> [Directions]: Extract every entry word for word.

> [Data excerpts]:
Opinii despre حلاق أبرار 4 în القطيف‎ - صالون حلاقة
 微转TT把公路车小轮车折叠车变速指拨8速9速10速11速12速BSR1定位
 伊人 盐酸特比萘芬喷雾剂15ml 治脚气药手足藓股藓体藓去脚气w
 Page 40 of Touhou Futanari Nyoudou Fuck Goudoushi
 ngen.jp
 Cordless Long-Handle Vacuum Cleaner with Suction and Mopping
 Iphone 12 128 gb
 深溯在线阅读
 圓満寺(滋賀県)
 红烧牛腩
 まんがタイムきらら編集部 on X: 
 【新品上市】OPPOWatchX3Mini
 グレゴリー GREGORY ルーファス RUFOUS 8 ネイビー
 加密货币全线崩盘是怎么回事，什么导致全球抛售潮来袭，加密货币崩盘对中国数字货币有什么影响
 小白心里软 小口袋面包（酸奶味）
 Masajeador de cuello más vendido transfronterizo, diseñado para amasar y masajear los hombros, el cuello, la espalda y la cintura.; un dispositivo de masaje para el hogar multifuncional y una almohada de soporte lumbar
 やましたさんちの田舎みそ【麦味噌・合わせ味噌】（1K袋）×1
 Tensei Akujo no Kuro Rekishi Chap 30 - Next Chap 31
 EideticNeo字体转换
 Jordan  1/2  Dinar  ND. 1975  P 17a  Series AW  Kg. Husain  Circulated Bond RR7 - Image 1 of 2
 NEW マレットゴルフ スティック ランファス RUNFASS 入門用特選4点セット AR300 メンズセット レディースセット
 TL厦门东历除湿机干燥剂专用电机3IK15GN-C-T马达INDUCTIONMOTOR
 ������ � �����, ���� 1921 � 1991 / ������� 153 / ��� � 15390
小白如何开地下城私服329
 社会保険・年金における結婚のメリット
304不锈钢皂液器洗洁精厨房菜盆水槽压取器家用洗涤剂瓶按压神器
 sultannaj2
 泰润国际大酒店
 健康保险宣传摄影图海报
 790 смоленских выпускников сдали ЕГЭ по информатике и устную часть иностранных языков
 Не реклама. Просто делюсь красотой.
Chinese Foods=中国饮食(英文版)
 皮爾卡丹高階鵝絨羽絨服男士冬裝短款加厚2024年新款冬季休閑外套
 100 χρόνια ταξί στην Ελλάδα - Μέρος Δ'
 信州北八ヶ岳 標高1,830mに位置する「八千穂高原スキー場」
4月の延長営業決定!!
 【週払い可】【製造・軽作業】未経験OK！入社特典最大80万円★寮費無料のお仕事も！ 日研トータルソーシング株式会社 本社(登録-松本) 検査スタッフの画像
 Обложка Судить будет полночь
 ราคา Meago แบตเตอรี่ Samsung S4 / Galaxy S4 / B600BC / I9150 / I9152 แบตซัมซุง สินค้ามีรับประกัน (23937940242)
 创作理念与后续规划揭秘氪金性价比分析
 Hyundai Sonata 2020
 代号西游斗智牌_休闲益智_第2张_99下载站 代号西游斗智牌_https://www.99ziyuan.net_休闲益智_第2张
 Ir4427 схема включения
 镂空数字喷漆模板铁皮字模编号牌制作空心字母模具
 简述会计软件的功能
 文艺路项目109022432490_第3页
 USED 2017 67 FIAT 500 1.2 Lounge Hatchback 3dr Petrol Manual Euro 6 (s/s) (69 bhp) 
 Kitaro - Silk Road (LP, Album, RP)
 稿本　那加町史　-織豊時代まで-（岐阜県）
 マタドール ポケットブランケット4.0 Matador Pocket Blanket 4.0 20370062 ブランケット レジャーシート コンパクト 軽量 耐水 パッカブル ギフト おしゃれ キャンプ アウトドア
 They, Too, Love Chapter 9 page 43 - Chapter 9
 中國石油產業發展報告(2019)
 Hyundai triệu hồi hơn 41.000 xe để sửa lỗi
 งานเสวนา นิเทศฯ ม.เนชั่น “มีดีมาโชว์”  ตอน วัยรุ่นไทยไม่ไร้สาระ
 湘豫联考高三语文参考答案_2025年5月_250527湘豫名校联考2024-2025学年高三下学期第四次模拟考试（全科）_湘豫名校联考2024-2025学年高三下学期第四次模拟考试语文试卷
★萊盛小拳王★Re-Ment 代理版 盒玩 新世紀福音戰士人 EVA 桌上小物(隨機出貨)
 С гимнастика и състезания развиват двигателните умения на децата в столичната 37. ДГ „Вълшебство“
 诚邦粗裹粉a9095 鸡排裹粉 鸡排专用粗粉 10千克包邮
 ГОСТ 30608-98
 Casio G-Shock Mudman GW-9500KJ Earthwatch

> [Written response]:
Opinii despre حلاق أبرار 4 în القطيف‎ - صالون حلاقة
 微转TT把公路车小轮车折叠车变速指拨8速9速10速11速12速BSR1定位
 伊人 盐酸特比萘芬喷雾剂15ml 治脚气药手足藓股藓体藓去脚气w
 Page 40 of Touhou Futanari Nyoudou Fuck Goudoushi
 ngen.jp
 Cordless Long-Handle Vacuum Cleaner with Suction and Mopping
 Iphone 12 128 gb
 深溯在线阅读
 圓満寺(滋賀県)
 红烧牛腩
 まんがタイムきらら編集部 on X: 
 【新品上市】OPPOWatchX3Mini
 グレゴリー GREGORY ルーファス RUFOUS 8 ネイビー
 加密货币全线崩盘是怎么回事，什么导致全球抛售潮来袭，加密货币崩盘对中国数字货币有什么影响
 小白心里软 小口袋面包（酸奶味）
 Masajeador de cuello más vendido transfronterizo, diseñado para amasar y masajear los hombros, el cuello, la espalda y la cintura.; un dispositivo de masaje para el hogar multifuncional y una almohada de soporte lumbar
 やましたさんちの田舎みそ【麦味噌・合わせ味噌】（1K袋）×1
 Tensei Akujo no Kuro Rekishi Chap 30 - Next Chap 31
 EideticNeo字体转换
 Jordan  1/2  Dinar  ND. 1975  P 17a  Series AW  Kg. Husain  Circulated Bond RR7 - Image 1 of 2
 NEW マレットゴルフ スティック ランファス RUNFASS 入門用特選4点セット AR300 メンズセット レディースセット
 TL厦门东历除湿机干燥剂专用电机3IK15GN-C-T马达INDUCTIONMOTOR
 ������ � �����, ���� 1921 � 1991 / ������� 153 / ��� � 15390
小白如何开地下城私服329
 社会保険・年金における結婚のメリット
304不锈钢皂液器洗洁精厨房菜盆水槽压取器家用洗涤剂瓶按压神器
 sultannaj2
 泰润国际大酒店
 健康保险宣传摄影图海报
 790 смоленских выпускников сдали ЕГЭ по информатике и устную часть иностранных языков
 Не реклама. Просто делюсь красотой.
Chinese Foods=中国饮食(英文版)
 皮爾卡丹高階鵝絨羽絨服男士冬裝短款加厚2024年新款冬季休閑外套
 100 χρόνια ταξί στην Ελλάδα - Μέρος Δ'
 信州北八ヶ岳 標高1,830mに位置する「八千穂高原スキー場」
4月の延長営業決定!!
 【週払い可】【製造・軽作業】未経験OK！入社特典最大80万円★寮費無料のお仕事も！ 日研トータルソーシング株式会社 本社(登録-松本) 検査スタッフの画像
 Обложка Судить будет полночь
 ราคา Meago แบตเตอรี่ Samsung S4 / Galaxy S4 / B600BC / I9150 / I9152 แบตซัมซุง สินค้ามีรับประกัน (23937940242)
 创作理念与后续规划揭秘氪金性价比分析
 Hyundai Sonata 2020
 代号西游斗智牌_休闲益智_第2张_99下载站 代号西游斗智牌_https://www.99ziyuan.net_休闲益智_第2张
 Ir4427 схема включения
 镂空数字喷漆模板铁皮字模编号牌制作空心字母模具
 简述会计软件的功能
 文艺路项目109022432490_第3页
 USED 2017 67 FIAT 500 1.2 Lounge Hatchback 3dr Petrol Manual Euro 6 (s/s) (69 bhp) 
 Kitaro - Silk Road (LP, Album, RP)
 稿本　那加町史　-織豊時代まで-（岐阜県）
 マタドール ポケットブランケット4.0 Matador Pocket Blanket 4.0 20370062 ブランケット レジャーシート コンパクト 軽量 耐水 パッカブル ギフト おしゃれ キャンプ アウトドア
 They, Too, Love Chapter 9 page 43 - Chapter 9
 中國石油產業發展報告(2019)
 Hyundai triệu hồi hơn 41.000 xe để sửa lỗi
 งานเสวนา นิเทศฯ ม.เนชั่น “มีดีมาโชว์”  ตอน วัยรุ่นไทยไม่ไร้สาระ
 湘豫联考高三语文参考答案_2025年5月_250527湘豫名校联考2024-2025学年高三下学期第四次模拟考试（全科）_湘豫名校联考2024-2025学年高三下学期第四次模拟考试语文试卷
★萊盛小拳王★Re-Ment 代理版 盒玩 新世紀福音戰士人 EVA 桌上小物(隨機出貨)
 С гимнастика и състезания развиват двигателните умения на децата в столичната 37. ДГ „Вълшебство“
 诚邦粗裹粉a9095 鸡排裹粉 鸡排专用粗粉 10千克包邮
 ГОСТ 30608-98
 Casio G-Shock Mudman GW-9500KJ Earthwatch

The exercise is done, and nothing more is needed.